WHAT NEEDS TO BE DONE - Please return only the lines from the one holding "Damen Karierte Cropped" through the one holding "Iconische Houten wandlamp", exactly as they appear in the records below, both ends included.
============================================================
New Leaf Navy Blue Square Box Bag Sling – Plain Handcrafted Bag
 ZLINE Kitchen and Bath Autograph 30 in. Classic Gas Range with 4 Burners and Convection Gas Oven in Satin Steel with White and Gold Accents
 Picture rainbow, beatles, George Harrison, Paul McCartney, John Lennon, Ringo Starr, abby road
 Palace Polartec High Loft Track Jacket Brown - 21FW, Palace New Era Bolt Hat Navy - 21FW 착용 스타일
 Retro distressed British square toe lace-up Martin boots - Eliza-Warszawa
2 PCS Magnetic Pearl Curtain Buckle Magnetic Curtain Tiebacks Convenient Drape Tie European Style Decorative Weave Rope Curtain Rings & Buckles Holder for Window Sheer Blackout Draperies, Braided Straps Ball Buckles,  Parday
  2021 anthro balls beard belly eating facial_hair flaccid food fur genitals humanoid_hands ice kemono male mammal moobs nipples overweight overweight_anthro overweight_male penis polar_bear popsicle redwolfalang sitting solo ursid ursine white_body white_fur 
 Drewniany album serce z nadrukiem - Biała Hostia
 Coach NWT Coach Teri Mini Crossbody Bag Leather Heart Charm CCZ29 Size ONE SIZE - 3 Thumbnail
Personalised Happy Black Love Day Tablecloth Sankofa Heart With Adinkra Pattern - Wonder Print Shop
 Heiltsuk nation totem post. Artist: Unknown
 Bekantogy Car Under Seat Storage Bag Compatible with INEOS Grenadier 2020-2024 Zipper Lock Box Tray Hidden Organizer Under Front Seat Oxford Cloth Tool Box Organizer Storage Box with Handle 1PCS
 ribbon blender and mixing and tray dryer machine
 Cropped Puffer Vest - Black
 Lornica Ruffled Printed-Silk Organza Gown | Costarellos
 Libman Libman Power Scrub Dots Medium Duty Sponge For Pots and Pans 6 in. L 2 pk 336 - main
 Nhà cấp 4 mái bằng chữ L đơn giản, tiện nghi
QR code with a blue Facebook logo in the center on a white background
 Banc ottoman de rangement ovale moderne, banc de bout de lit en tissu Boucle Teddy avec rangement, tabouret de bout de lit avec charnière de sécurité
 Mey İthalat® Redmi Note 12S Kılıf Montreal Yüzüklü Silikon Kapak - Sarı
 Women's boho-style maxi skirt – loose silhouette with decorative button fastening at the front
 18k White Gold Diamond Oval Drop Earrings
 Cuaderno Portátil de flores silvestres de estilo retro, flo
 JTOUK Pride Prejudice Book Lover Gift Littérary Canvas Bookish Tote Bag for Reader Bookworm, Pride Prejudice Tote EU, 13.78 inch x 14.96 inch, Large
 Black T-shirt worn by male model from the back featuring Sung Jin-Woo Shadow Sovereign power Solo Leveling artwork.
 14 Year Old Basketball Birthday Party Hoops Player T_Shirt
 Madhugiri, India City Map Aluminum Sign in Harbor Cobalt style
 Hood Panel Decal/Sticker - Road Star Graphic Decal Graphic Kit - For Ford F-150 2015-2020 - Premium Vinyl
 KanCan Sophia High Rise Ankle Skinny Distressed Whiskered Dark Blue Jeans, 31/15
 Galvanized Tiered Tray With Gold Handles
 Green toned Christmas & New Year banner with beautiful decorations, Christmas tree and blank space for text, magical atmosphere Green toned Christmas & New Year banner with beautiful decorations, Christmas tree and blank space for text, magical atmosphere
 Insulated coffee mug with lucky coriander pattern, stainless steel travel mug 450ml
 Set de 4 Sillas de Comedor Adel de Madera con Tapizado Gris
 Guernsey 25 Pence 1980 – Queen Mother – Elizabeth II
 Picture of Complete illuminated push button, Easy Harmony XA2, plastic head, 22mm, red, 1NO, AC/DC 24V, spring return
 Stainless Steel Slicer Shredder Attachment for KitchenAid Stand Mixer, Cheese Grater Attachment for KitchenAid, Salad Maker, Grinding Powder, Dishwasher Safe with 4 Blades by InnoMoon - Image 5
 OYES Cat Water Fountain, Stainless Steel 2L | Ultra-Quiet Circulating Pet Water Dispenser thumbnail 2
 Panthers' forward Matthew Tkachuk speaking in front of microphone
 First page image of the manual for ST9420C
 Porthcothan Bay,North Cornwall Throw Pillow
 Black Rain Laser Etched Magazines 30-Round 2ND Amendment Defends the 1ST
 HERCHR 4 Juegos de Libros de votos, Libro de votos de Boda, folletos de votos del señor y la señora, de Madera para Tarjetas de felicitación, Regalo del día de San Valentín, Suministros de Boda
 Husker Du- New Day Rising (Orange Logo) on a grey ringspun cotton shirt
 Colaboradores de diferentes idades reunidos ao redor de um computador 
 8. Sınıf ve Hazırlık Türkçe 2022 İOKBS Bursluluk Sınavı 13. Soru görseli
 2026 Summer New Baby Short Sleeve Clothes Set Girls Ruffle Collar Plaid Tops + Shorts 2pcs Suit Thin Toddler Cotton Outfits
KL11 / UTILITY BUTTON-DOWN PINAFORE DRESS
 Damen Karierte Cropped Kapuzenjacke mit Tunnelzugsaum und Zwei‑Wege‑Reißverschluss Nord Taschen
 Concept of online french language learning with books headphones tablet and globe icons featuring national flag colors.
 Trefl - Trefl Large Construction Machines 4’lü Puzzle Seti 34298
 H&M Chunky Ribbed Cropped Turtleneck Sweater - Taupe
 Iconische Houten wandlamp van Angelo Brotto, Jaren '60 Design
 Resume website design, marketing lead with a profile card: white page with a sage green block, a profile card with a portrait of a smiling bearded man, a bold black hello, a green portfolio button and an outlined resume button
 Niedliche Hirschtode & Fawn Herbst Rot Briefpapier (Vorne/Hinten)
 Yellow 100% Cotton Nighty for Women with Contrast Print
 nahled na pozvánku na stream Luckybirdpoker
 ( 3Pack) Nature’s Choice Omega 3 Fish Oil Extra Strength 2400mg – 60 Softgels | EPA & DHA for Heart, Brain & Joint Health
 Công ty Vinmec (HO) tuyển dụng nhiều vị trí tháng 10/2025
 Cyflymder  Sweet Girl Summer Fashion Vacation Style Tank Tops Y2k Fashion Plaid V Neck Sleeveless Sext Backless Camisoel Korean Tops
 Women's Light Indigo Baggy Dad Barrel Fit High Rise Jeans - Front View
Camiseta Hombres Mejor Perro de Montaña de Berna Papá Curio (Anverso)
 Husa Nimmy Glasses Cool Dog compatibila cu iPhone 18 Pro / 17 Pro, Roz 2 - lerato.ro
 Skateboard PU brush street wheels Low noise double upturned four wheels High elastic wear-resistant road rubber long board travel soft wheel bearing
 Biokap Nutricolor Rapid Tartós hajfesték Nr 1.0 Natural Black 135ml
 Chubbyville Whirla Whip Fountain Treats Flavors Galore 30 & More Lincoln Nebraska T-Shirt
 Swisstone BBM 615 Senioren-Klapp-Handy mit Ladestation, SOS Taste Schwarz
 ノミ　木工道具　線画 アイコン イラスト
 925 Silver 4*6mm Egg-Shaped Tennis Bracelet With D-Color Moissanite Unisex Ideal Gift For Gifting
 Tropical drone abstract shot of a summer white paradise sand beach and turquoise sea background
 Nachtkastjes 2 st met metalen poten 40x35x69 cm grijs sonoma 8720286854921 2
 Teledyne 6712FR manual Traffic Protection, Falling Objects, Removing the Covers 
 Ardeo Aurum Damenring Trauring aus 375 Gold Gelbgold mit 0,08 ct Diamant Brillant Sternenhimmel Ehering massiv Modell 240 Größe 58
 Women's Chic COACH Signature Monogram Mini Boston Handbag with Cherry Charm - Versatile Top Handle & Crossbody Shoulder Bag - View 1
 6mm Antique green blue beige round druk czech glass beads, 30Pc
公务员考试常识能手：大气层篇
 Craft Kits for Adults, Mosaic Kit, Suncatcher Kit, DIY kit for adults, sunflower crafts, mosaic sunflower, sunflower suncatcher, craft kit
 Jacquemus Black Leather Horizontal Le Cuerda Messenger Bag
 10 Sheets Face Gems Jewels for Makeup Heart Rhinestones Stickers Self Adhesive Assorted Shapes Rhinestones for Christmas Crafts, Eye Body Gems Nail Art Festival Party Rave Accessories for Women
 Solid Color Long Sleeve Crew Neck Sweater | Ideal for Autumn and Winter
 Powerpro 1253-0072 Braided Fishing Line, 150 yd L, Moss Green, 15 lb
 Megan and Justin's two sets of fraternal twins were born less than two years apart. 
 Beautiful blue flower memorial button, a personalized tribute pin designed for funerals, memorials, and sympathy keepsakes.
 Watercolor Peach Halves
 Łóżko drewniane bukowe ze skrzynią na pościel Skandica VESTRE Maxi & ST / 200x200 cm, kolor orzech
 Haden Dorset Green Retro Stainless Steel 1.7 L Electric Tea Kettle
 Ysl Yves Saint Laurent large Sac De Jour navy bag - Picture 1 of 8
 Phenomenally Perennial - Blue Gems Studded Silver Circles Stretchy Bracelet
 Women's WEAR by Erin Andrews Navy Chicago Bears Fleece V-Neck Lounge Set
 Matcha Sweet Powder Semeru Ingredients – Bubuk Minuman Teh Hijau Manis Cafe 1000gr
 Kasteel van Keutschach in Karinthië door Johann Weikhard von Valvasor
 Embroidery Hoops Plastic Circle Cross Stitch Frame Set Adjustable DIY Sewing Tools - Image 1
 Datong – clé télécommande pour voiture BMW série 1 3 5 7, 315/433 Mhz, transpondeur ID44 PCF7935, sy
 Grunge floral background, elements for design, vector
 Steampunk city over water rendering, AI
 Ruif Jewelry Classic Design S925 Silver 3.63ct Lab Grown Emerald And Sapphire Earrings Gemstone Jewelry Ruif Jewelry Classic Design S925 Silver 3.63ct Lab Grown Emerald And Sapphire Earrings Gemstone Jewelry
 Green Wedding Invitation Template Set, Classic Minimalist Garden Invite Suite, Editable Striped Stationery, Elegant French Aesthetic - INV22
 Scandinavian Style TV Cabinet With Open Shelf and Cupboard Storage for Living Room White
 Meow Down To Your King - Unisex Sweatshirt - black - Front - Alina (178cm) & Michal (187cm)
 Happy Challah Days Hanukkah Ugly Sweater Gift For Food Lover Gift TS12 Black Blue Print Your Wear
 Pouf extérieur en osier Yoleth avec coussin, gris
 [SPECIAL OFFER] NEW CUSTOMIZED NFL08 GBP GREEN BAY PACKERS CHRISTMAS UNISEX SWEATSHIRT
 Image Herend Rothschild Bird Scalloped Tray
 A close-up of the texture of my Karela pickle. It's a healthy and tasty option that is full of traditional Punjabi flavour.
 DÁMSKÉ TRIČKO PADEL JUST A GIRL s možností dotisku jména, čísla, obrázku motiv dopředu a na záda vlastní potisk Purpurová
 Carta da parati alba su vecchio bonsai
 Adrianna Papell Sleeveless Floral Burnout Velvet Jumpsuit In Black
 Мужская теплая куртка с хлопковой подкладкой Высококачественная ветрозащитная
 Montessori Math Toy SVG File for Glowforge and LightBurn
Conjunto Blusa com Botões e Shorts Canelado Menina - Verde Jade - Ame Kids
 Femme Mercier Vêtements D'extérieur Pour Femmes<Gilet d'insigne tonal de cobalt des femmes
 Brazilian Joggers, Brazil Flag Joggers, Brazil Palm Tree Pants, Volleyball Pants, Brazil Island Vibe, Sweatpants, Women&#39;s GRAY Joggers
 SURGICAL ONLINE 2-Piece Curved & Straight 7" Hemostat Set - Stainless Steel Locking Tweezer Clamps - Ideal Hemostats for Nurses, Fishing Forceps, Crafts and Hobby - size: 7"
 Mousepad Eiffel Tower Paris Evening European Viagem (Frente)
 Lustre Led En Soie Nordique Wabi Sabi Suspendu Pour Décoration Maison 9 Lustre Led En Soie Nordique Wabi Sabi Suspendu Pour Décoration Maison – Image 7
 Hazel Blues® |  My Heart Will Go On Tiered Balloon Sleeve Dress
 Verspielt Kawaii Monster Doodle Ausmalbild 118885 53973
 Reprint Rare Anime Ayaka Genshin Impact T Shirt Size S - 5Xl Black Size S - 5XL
============================================================
YOUR SOLUTION -
 Damen Karierte Cropped Kapuzenjacke mit Tunnelzugsaum und Zwei‑Wege‑Reißverschluss Nord Taschen
 Concept of online french language learning with books headphones tablet and globe icons featuring national flag colors.
 Trefl - Trefl Large Construction Machines 4’lü Puzzle Seti 34298
 H&M Chunky Ribbed Cropped Turtleneck Sweater - Taupe
 Iconische Houten wandlamp van Angelo Brotto, Jaren '60 Design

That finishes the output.